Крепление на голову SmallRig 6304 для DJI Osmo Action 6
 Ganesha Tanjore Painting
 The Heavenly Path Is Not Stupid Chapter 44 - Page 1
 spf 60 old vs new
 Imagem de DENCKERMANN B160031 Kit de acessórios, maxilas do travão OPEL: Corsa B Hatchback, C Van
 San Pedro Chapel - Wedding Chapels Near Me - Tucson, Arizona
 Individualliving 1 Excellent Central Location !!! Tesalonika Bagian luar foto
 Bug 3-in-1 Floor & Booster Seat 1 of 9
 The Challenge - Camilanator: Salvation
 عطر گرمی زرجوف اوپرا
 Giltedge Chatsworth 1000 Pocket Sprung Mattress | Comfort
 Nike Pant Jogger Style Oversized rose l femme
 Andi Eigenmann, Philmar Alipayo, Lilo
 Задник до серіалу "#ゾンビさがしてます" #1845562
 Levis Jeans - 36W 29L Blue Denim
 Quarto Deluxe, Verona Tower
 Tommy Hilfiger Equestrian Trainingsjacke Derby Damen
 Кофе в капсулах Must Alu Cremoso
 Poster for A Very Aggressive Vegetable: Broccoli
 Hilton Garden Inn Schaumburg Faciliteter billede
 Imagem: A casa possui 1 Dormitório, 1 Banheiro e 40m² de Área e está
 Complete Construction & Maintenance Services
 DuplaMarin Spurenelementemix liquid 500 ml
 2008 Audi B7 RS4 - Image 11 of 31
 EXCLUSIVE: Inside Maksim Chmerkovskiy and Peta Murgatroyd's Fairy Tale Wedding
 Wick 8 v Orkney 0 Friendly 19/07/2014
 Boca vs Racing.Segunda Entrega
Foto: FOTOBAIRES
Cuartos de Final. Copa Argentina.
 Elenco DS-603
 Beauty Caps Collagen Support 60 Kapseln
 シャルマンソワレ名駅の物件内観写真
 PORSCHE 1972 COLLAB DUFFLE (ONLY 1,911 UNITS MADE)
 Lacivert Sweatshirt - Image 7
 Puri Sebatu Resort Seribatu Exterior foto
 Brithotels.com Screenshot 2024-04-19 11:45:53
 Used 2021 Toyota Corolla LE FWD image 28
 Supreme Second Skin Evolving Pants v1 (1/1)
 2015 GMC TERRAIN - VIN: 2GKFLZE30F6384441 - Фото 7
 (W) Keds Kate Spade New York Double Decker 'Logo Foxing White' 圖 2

- **TRY IT**: Using the entries above, output exactly the lines between the line holding "Giltedge Chatsworth 1000" and the line holding "Poster for A", end lines included, and nothing more.

- **SOLUTION FOR THIS PROBLEM**:
 Giltedge Chatsworth 1000 Pocket Sprung Mattress | Comfort
 Nike Pant Jogger Style Oversized rose l femme
 Andi Eigenmann, Philmar Alipayo, Lilo
 Задник до серіалу "#ゾンビさがしてます" #1845562
 Levis Jeans - 36W 29L Blue Denim
 Quarto Deluxe, Verona Tower
 Tommy Hilfiger Equestrian Trainingsjacke Derby Damen
 Кофе в капсулах Must Alu Cremoso
 Poster for A Very Aggressive Vegetable: Broccoli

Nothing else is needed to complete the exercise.